▸ **TASK PROMPT**
Would you transcribe each of the entries exactly, with nothing added or dropped?

▸ **DATA**
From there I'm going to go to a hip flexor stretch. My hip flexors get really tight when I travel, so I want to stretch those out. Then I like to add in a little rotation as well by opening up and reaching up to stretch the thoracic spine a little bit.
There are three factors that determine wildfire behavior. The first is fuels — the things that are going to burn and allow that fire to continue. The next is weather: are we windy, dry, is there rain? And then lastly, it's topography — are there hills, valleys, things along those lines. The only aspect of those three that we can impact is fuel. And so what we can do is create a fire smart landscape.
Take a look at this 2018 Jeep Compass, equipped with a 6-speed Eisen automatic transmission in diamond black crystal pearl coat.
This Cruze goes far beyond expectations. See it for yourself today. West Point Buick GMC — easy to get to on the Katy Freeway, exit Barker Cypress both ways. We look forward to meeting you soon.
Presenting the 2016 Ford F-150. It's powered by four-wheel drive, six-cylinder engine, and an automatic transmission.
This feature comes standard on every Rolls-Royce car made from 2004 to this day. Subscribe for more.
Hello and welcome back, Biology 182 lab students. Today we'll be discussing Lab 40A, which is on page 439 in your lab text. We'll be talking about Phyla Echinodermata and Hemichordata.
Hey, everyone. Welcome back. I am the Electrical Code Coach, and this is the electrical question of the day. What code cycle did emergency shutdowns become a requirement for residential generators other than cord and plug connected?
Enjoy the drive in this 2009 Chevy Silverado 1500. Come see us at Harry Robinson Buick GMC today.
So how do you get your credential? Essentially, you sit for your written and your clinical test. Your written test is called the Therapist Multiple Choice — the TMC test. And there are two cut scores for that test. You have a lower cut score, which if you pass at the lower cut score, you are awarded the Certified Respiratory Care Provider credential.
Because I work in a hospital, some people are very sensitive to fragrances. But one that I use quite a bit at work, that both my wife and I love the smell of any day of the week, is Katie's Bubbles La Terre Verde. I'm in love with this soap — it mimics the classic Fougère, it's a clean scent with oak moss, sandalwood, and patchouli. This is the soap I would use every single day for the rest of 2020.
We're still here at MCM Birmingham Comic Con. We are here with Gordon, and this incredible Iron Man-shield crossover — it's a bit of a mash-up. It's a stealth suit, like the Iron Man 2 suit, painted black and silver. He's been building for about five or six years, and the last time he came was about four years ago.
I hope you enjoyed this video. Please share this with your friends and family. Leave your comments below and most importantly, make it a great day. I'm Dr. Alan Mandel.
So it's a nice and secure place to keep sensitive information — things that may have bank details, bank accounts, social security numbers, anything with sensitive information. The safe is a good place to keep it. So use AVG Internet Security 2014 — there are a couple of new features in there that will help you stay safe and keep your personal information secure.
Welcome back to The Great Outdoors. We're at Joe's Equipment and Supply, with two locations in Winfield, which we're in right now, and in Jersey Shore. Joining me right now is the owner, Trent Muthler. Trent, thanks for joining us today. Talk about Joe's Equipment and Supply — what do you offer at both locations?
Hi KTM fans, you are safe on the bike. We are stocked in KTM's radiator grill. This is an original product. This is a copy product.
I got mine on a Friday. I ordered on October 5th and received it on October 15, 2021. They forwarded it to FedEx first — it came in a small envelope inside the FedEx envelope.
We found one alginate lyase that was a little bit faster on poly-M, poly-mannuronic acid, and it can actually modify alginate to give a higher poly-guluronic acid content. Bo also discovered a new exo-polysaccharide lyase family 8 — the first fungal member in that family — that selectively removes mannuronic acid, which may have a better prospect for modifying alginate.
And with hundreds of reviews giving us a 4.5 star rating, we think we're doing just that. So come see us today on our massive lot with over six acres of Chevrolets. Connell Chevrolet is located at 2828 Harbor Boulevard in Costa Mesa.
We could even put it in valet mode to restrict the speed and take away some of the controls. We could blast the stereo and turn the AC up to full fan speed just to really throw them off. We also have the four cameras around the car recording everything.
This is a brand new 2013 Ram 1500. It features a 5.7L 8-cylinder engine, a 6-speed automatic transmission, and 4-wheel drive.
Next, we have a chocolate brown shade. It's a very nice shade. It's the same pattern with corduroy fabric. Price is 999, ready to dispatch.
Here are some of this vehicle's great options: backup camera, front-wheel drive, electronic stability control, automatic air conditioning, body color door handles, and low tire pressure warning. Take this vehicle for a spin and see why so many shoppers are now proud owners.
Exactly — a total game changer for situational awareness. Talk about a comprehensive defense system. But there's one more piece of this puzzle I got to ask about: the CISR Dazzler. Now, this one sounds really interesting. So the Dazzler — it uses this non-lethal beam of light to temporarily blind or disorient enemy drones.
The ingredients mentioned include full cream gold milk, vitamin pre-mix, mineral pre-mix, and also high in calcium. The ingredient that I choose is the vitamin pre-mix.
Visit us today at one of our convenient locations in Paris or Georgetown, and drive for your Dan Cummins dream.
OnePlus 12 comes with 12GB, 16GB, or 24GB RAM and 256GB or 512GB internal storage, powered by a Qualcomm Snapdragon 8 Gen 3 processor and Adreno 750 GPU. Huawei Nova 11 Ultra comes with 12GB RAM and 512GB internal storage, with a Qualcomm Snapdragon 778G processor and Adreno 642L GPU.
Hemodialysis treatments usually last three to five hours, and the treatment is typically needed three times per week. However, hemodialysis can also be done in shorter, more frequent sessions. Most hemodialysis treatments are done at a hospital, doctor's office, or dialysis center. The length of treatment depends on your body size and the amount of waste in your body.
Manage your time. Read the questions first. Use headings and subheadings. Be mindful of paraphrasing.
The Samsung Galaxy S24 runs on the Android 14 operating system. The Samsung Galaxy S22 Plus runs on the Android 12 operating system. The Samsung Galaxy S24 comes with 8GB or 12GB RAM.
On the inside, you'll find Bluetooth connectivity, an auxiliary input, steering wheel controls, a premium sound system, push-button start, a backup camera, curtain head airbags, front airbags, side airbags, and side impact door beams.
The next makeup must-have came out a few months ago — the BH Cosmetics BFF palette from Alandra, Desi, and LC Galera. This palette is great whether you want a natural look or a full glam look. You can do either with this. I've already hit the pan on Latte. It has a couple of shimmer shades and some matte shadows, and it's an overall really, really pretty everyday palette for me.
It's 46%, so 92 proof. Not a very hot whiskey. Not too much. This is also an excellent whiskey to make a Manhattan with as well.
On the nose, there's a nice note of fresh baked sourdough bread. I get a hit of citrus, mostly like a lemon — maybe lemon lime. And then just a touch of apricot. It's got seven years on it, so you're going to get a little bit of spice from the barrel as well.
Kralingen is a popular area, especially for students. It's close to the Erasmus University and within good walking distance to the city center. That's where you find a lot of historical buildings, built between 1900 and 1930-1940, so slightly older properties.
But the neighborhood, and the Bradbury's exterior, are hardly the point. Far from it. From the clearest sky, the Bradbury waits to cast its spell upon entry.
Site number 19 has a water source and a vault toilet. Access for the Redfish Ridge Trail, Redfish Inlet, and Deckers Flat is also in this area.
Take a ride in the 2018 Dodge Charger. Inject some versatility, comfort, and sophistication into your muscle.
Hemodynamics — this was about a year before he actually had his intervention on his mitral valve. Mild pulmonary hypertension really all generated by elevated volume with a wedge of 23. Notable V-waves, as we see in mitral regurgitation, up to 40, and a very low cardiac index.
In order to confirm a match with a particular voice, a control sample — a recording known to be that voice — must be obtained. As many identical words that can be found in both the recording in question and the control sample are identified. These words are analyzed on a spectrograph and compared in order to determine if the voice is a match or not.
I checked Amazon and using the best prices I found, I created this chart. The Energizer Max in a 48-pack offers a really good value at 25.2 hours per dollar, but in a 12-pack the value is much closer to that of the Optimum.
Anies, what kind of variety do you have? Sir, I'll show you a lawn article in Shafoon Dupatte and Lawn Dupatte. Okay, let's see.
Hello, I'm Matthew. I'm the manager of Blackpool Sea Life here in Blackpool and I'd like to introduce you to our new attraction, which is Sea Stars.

▸ **EXERCISE SOLUTION**
From there I'm going to go to a hip flexor stretch. My hip flexors get really tight when I travel, so I want to stretch those out. Then I like to add in a little rotation as well by opening up and reaching up to stretch the thoracic spine a little bit.
There are three factors that determine wildfire behavior. The first is fuels — the things that are going to burn and allow that fire to continue. The next is weather: are we windy, dry, is there rain? And then lastly, it's topography — are there hills, valleys, things along those lines. The only aspect of those three that we can impact is fuel. And so what we can do is create a fire smart landscape.
Take a look at this 2018 Jeep Compass, equipped with a 6-speed Eisen automatic transmission in diamond black crystal pearl coat.
This Cruze goes far beyond expectations. See it for yourself today. West Point Buick GMC — easy to get to on the Katy Freeway, exit Barker Cypress both ways. We look forward to meeting you soon.
Presenting the 2016 Ford F-150. It's powered by four-wheel drive, six-cylinder engine, and an automatic transmission.
This feature comes standard on every Rolls-Royce car made from 2004 to this day. Subscribe for more.
Hello and welcome back, Biology 182 lab students. Today we'll be discussing Lab 40A, which is on page 439 in your lab text. We'll be talking about Phyla Echinodermata and Hemichordata.
Hey, everyone. Welcome back. I am the Electrical Code Coach, and this is the electrical question of the day. What code cycle did emergency shutdowns become a requirement for residential generators other than cord and plug connected?
Enjoy the drive in this 2009 Chevy Silverado 1500. Come see us at Harry Robinson Buick GMC today.
So how do you get your credential? Essentially, you sit for your written and your clinical test. Your written test is called the Therapist Multiple Choice — the TMC test. And there are two cut scores for that test. You have a lower cut score, which if you pass at the lower cut score, you are awarded the Certified Respiratory Care Provider credential.
Because I work in a hospital, some people are very sensitive to fragrances. But one that I use quite a bit at work, that both my wife and I love the smell of any day of the week, is Katie's Bubbles La Terre Verde. I'm in love with this soap — it mimics the classic Fougère, it's a clean scent with oak moss, sandalwood, and patchouli. This is the soap I would use every single day for the rest of 2020.
We're still here at MCM Birmingham Comic Con. We are here with Gordon, and this incredible Iron Man-shield crossover — it's a bit of a mash-up. It's a stealth suit, like the Iron Man 2 suit, painted black and silver. He's been building for about five or six years, and the last time he came was about four years ago.
I hope you enjoyed this video. Please share this with your friends and family. Leave your comments below and most importantly, make it a great day. I'm Dr. Alan Mandel.
So it's a nice and secure place to keep sensitive information — things that may have bank details, bank accounts, social security numbers, anything with sensitive information. The safe is a good place to keep it. So use AVG Internet Security 2014 — there are a couple of new features in there that will help you stay safe and keep your personal information secure.
Welcome back to The Great Outdoors. We're at Joe's Equipment and Supply, with two locations in Winfield, which we're in right now, and in Jersey Shore. Joining me right now is the owner, Trent Muthler. Trent, thanks for joining us today. Talk about Joe's Equipment and Supply — what do you offer at both locations?
Hi KTM fans, you are safe on the bike. We are stocked in KTM's radiator grill. This is an original product. This is a copy product.
I got mine on a Friday. I ordered on October 5th and received it on October 15, 2021. They forwarded it to FedEx first — it came in a small envelope inside the FedEx envelope.
We found one alginate lyase that was a little bit faster on poly-M, poly-mannuronic acid, and it can actually modify alginate to give a higher poly-guluronic acid content. Bo also discovered a new exo-polysaccharide lyase family 8 — the first fungal member in that family — that selectively removes mannuronic acid, which may have a better prospect for modifying alginate.
And with hundreds of reviews giving us a 4.5 star rating, we think we're doing just that. So come see us today on our massive lot with over six acres of Chevrolets. Connell Chevrolet is located at 2828 Harbor Boulevard in Costa Mesa.
We could even put it in valet mode to restrict the speed and take away some of the controls. We could blast the stereo and turn the AC up to full fan speed just to really throw them off. We also have the four cameras around the car recording everything.
This is a brand new 2013 Ram 1500. It features a 5.7L 8-cylinder engine, a 6-speed automatic transmission, and 4-wheel drive.
Next, we have a chocolate brown shade. It's a very nice shade. It's the same pattern with corduroy fabric. Price is 999, ready to dispatch.
Here are some of this vehicle's great options: backup camera, front-wheel drive, electronic stability control, automatic air conditioning, body color door handles, and low tire pressure warning. Take this vehicle for a spin and see why so many shoppers are now proud owners.
Exactly — a total game changer for situational awareness. Talk about a comprehensive defense system. But there's one more piece of this puzzle I got to ask about: the CISR Dazzler. Now, this one sounds really interesting. So the Dazzler — it uses this non-lethal beam of light to temporarily blind or disorient enemy drones.
The ingredients mentioned include full cream gold milk, vitamin pre-mix, mineral pre-mix, and also high in calcium. The ingredient that I choose is the vitamin pre-mix.
Visit us today at one of our convenient locations in Paris or Georgetown, and drive for your Dan Cummins dream.
OnePlus 12 comes with 12GB, 16GB, or 24GB RAM and 256GB or 512GB internal storage, powered by a Qualcomm Snapdragon 8 Gen 3 processor and Adreno 750 GPU. Huawei Nova 11 Ultra comes with 12GB RAM and 512GB internal storage, with a Qualcomm Snapdragon 778G processor and Adreno 642L GPU.
Hemodialysis treatments usually last three to five hours, and the treatment is typically needed three times per week. However, hemodialysis can also be done in shorter, more frequent sessions. Most hemodialysis treatments are done at a hospital, doctor's office, or dialysis center. The length of treatment depends on your body size and the amount of waste in your body.
Manage your time. Read the questions first. Use headings and subheadings. Be mindful of paraphrasing.
The Samsung Galaxy S24 runs on the Android 14 operating system. The Samsung Galaxy S22 Plus runs on the Android 12 operating system. The Samsung Galaxy S24 comes with 8GB or 12GB RAM.
On the inside, you'll find Bluetooth connectivity, an auxiliary input, steering wheel controls, a premium sound system, push-button start, a backup camera, curtain head airbags, front airbags, side airbags, and side impact door beams.
The next makeup must-have came out a few months ago — the BH Cosmetics BFF palette from Alandra, Desi, and LC Galera. This palette is great whether you want a natural look or a full glam look. You can do either with this. I've already hit the pan on Latte. It has a couple of shimmer shades and some matte shadows, and it's an overall really, really pretty everyday palette for me.
It's 46%, so 92 proof. Not a very hot whiskey. Not too much. This is also an excellent whiskey to make a Manhattan with as well.
On the nose, there's a nice note of fresh baked sourdough bread. I get a hit of citrus, mostly like a lemon — maybe lemon lime. And then just a touch of apricot. It's got seven years on it, so you're going to get a little bit of spice from the barrel as well.
Kralingen is a popular area, especially for students. It's close to the Erasmus University and within good walking distance to the city center. That's where you find a lot of historical buildings, built between 1900 and 1930-1940, so slightly older properties.
But the neighborhood, and the Bradbury's exterior, are hardly the point. Far from it. From the clearest sky, the Bradbury waits to cast its spell upon entry.
Site number 19 has a water source and a vault toilet. Access for the Redfish Ridge Trail, Redfish Inlet, and Deckers Flat is also in this area.
Take a ride in the 2018 Dodge Charger. Inject some versatility, comfort, and sophistication into your muscle.
Hemodynamics — this was about a year before he actually had his intervention on his mitral valve. Mild pulmonary hypertension really all generated by elevated volume with a wedge of 23. Notable V-waves, as we see in mitral regurgitation, up to 40, and a very low cardiac index.
In order to confirm a match with a particular voice, a control sample — a recording known to be that voice — must be obtained. As many identical words that can be found in both the recording in question and the control sample are identified. These words are analyzed on a spectrograph and compared in order to determine if the voice is a match or not.
I checked Amazon and using the best prices I found, I created this chart. The Energizer Max in a 48-pack offers a really good value at 25.2 hours per dollar, but in a 12-pack the value is much closer to that of the Optimum.
Anies, what kind of variety do you have? Sir, I'll show you a lawn article in Shafoon Dupatte and Lawn Dupatte. Okay, let's see.
Hello, I'm Matthew. I'm the manager of Blackpool Sea Life here in Blackpool and I'd like to introduce you to our new attraction, which is Sea Stars.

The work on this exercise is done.